# Black Library Weekender



## Bane_of_Kings (Oct 28, 2009)

http://www.blacklibrary.com/Blog/What-are-you-doing-on-the-3rd-of-November-next-year.html



> What are you doing on the 3rd of November next year?
> The correct answer is attending the biggest Black Library’s event ever!
> 
> The Black Library Weekender will be the first of its kind, a two day extravaganza of an event. If you’re a Black Library fan (and good odds you are, since you’re reading this blog) you’ll want to be there. Join us for a full weekend of Black Library activities: over 20 hours of seminars and signings with more authors than any previous event, and from across the world.
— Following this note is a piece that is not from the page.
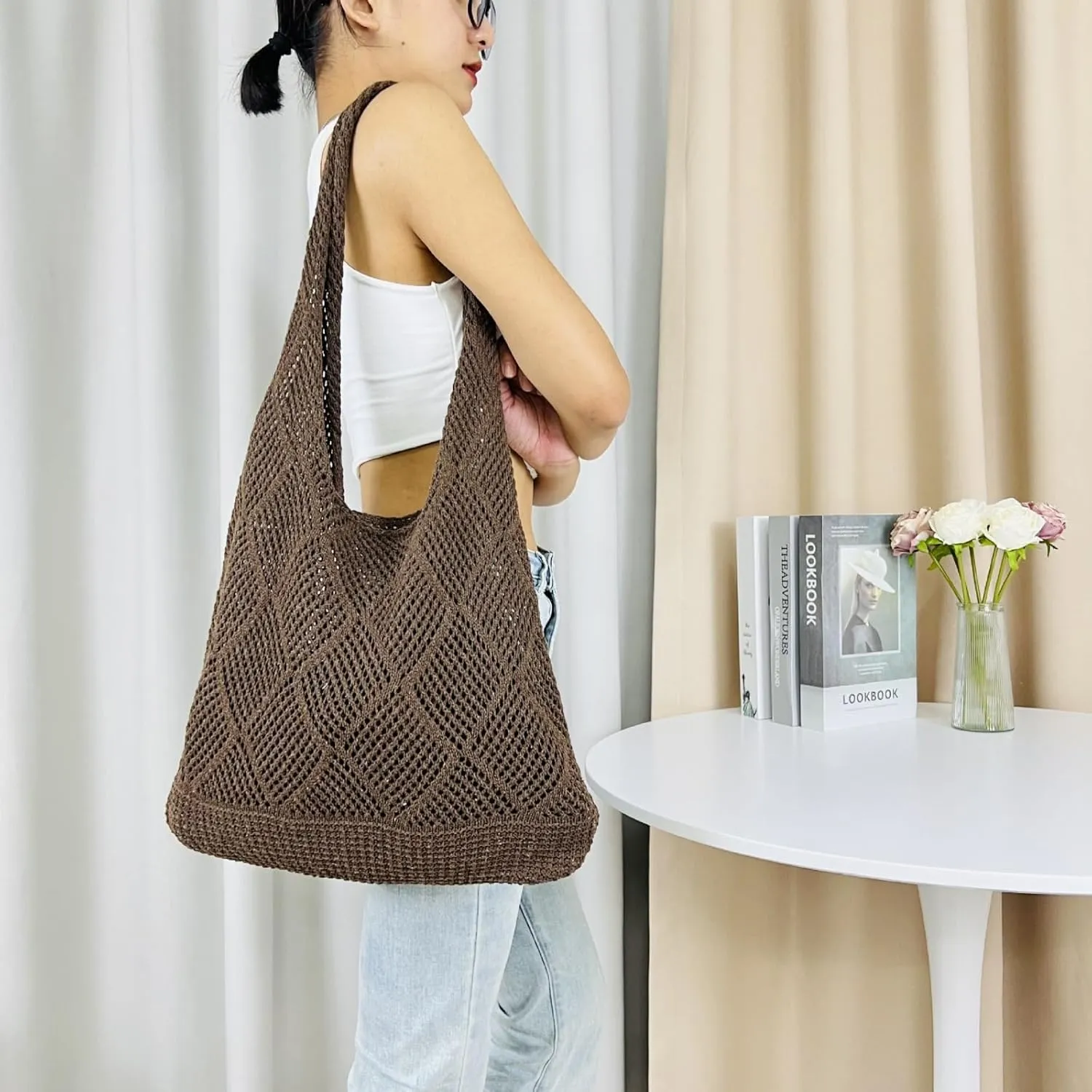 Women's Knitted Tote Bag, Woven Beach Bag, Trendy Shoulder Bag, Fashion Handbag for Travel, Shopping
The Weekender will last from Saturday the 3rd to Sunday the 4th of November 2012.
> ...


Sounds fun, but I don't think I'll be able to make it to this one seeing as I'm heading up to Black Library Live!2012. Probably the tickets for this are going to be a lot more expensive than that, though.


----------



## Doelago (Nov 29, 2009)

Ouh, that looks interesting. A way to long trip for my taste though.  
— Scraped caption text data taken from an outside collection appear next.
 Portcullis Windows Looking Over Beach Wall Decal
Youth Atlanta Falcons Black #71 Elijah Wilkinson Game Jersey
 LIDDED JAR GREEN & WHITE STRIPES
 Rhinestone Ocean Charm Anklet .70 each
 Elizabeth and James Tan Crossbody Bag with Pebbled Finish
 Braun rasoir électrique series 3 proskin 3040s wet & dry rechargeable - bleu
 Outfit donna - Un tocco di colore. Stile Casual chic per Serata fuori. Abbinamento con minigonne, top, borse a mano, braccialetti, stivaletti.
But it is still nagging there at the back of my mind...


----------



## Loli (Mar 26, 2009)

Whats BL Live?. Though going to this would be really really interesting, so want to go........ *drools*


----------



## Bane_of_Kings (Oct 28, 2009)

http://www.blacklibrary.com/Events/black-library-live-2012.html

This is BLL. Tickets are sold out for that, though, they were on sale earlier in the year.


----------



## Loli (Mar 26, 2009)

Yeah i looked at that not long after i posted, wish i could of gone but the Weekender will be great if i can get tickets


----------